Review by Christopher McQuain | posted August 13, 2012 | E-mail the Author

An expansively thought-provoking documentary that's also a fairly unique work of intellectual ferment, Payback joins together two impressive creative minds, those of documentarian Jennifer Baichwal (Manufactured Landscapes) and the great Canadian novelist Margaret Atwood (The Blind Assassin). The latter turned her pen to nonfiction, as she is also well-qualified to do, for the series of lectures that resulted in her 2008 book, Payback: Debt and the Shadow Side of Wealth, upon which Baichwal has based her film. "Based" in this case is probably much too simple a word, however; Baichwal does nothing so straightforward or potentially arid as focusing on Atwood as her principal subject or cherry-picking examples from the writer's historical treatise on the concept of debt and its longstanding omnipresence in human life, then dutifully bringing her camera to them. Instead, Buchwald has humbly but boldly (and evidently with the often finicky Atwood's full blessing, as the author, at home and onstage delivering the lectures, is not primary but is prominent among the subjects Baichwal has chosen) used the book as an inspiration and jumping-off point, remaining faithful to it while also taking it further. The filmmaker has familiarized herself with her source material (likely more than once, given the understanding of the book's ideas she seems to have had at her fingertips in making the film) and then retained Atwood's already wide-ranging culmination of extensive research and deep thought as a sort of ongoing reference point for the further examples she's sought out; the result is a film that's at once bracing, beautiful, and consciousness-expanding.

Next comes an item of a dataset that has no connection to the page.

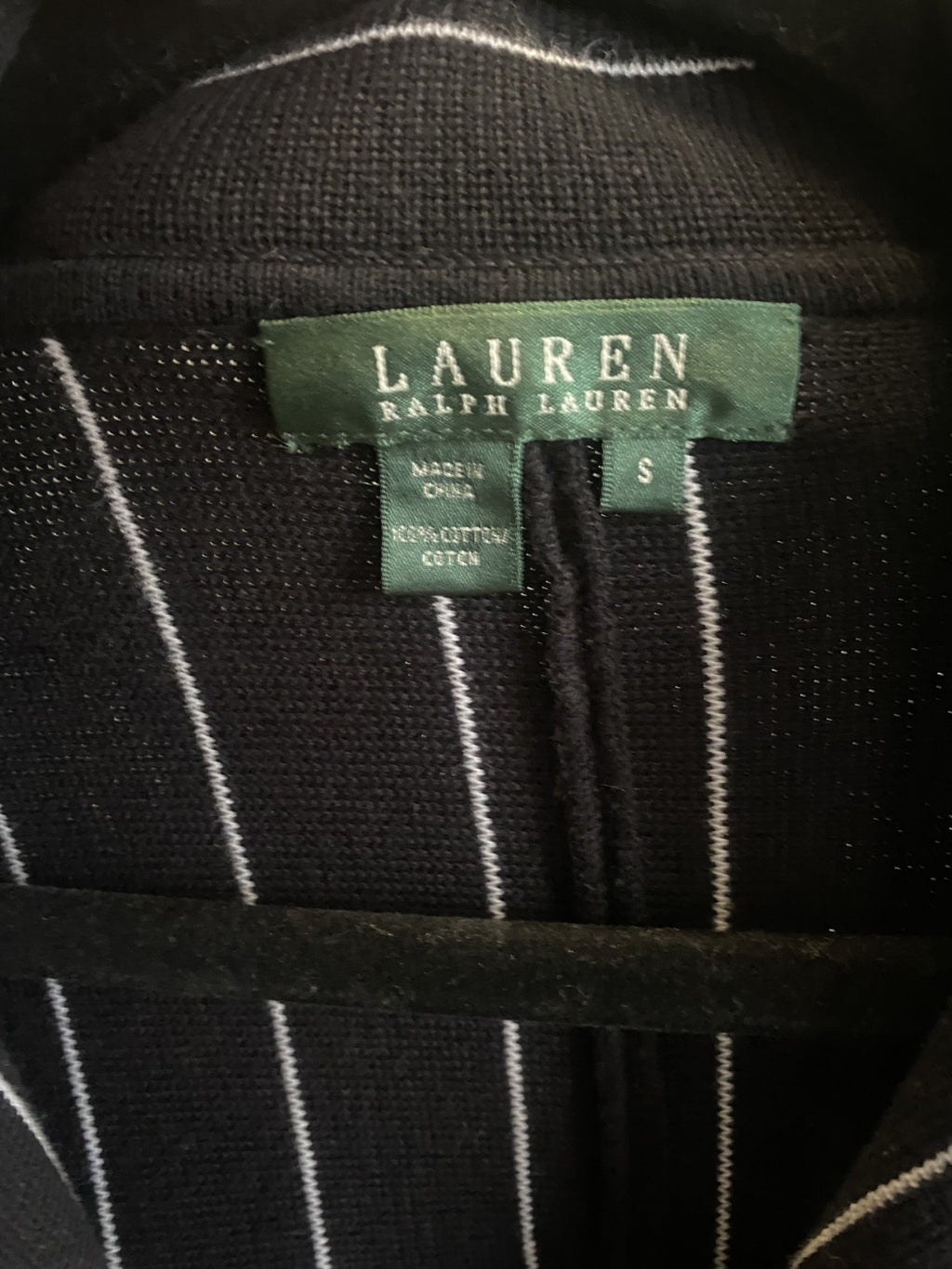 Ralph Lauren Navy Pinstriped Cotton Knit Blazer Women Size Small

The timing of Payback's publication coincided with the predatory-lending/debt-manipulation scandals that caused the financial meltdowns of '08, but one surprising characteristic of the book (and the film follows suit in this respect) was that it put money matters in the background to focus on a much longer and deeper history of debt that has left its deep traces in both our world and the words we use to describe it -- our everyday turns of phrase in matters from social organization ("to pay one's debt to society") to theology and/or pawnbroking (to "redeem" pawned items, up to and including one's own body and immortal soul). None of the examples chosen by Baichwal of debt, indebtedness, and payback, then, are financial. She uses two stories from North American prison systems -- Conrad Black, a wealthy media magnate imprisoned (wrongly, he maintains) for grand-scale embezzlement/financial impropriety, and Paul Mohammed, a currently imprisoned common thief and crack addict (a childhood victim of bullying as a Pakistani immigrant in Canada -- and who is the debtor to Paul for ) who is repentant but tells us his cycle of imprisonment/recidivism not only never helps him break his criminal cycle, but never compensates society or the individual victims of his (apparently nonviolent) crimes -- as well as a tour back in time to Pennsylvania's Dickensian, long-defunct Eastern State Penitentiary, the first such "place of penance," all to address the "debt to society" concept and its discomfiting, perhaps not immediately apparent complications and gray areas. She travels to Albania to document a long-running, extralegal but deeply community/custom-inflected dispute between a man who shot his neighbor over a piece of land both claimed to own, which opens a window onto Albanian customs of who owes what to whom that, while not practiced in an identical form in many wealthier/more developed nations, are another manifestation of the same near-universal human concern about borrowing or taking something from someone (in this case, physical well-being and dignity) and what one owes them in return (in this case, permanent exile and endangerment until such unlikely time as the victim, who has the right to kill his assailant should he ever leave his own property, decides to forgive the "debt").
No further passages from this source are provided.